И. Руа. «Французы в России»:
Злосчастная моя судьба привела меня однажды по соседству с конюшней, где обыкновенно выполняются экзекуции крепостных, провинившихся или даже только подозреваемых в каком-либо домашнем проступке.
«Отпустите меня, — выкрикивала молодая девушка, — я больна, и вы не имеете права бить меня в таком положении».
- Я беременна, — говорила другая женщина, — и если станете меня сечь, то лишите жизни ребенка, которого я ношу под своим сердцем.
«Я здесь для того, чтобы вас сечь, а не для того, чтобы выслушивать ваши возражения, — отвечал им суровый экзекутор громовым голосом. — Если бы всех их слушать, все они были бы больны, либо брюхаты.
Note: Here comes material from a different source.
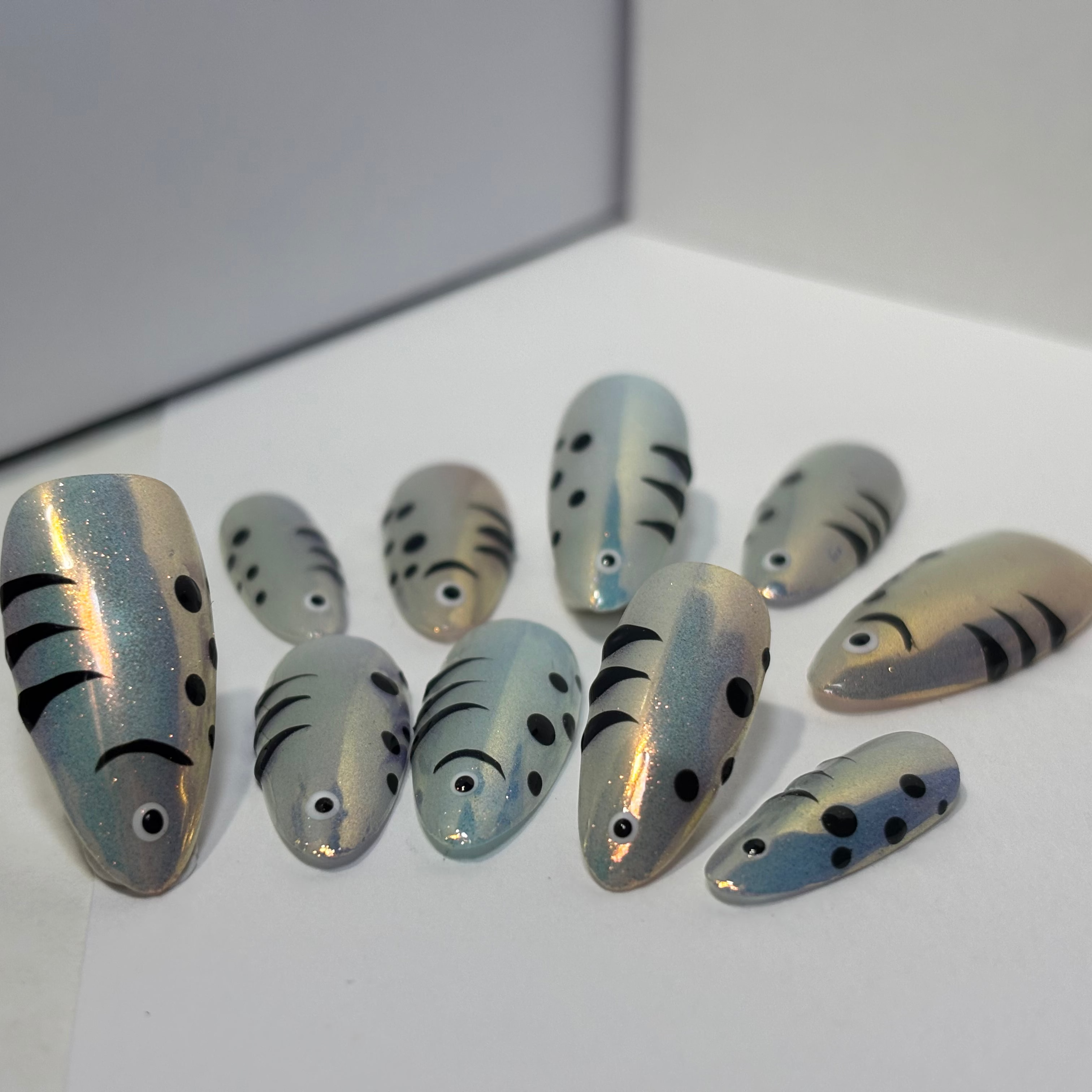 Fish Nails Press On Nails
Дальше! поторапливайтесь».
И снова отчаянные крики и удары начали перемешиваться между собой. Будучи вне себя от этой сцены и не в состоянии освободиться от охватившего ужаса, я старался как можно подальше обходить это фатальное место. Но пронзительные крики отчаяния и горя продолжали преследовать меня почти до самого дома, но и там я не мог найти себе покоя; сердце охватывала тоска. а из глаз непроизвольно текли слезы от негодования и жалости. Опершись локтями о тол и закрыв лицо обеими руками, я не заметил прихода княгини, которая хотела со мной о чем-то поговорить и направлялась теперь ко мне.
-Боже мой? вы больны? — обратилась она участливо ко мне. Что могло вас довести до такого ужасного состояния, в каком я вас застала.
- Это вы сами, сударыня, — ответил я.
- Как я сама могла довести до такой печали?
- Мое наболевшее сердце не в силах больше переносить зрелищ, которые постоянно у меня перед глазами.
- О каком зрелище вы собственно говорите?
-Да о порках…
- О каких порках?
- О наказании несчастных женщин, с которыми поступали с бесчеловечностью, какую я до сих пор не считал допустимой по отношению к кому бы то ни было.
- Ах, вот в чем дело! — ответила тогда, смеясь, княгиня. — Слишком уж много шума из-за нескольких ударов розги. Нет ничего худого, если приходиться высечь крепостного; это делается для его же собственной пользы и в то же время для нашей безопасности. Мне даже никогда не приходилось слышать, чтобы наказывать крепостного считалось грехом".
Из воспоминаний очевидца:
«Я сам бывал свидетелем, как хозяин во время обеда за легкий проступок холодно приказывал, как нечто обычное, отсчитать лакею сто палочных ударов. Провинившегося сейчас же уводят на двор или просто в переднюю, и наказание приводится в исполнение"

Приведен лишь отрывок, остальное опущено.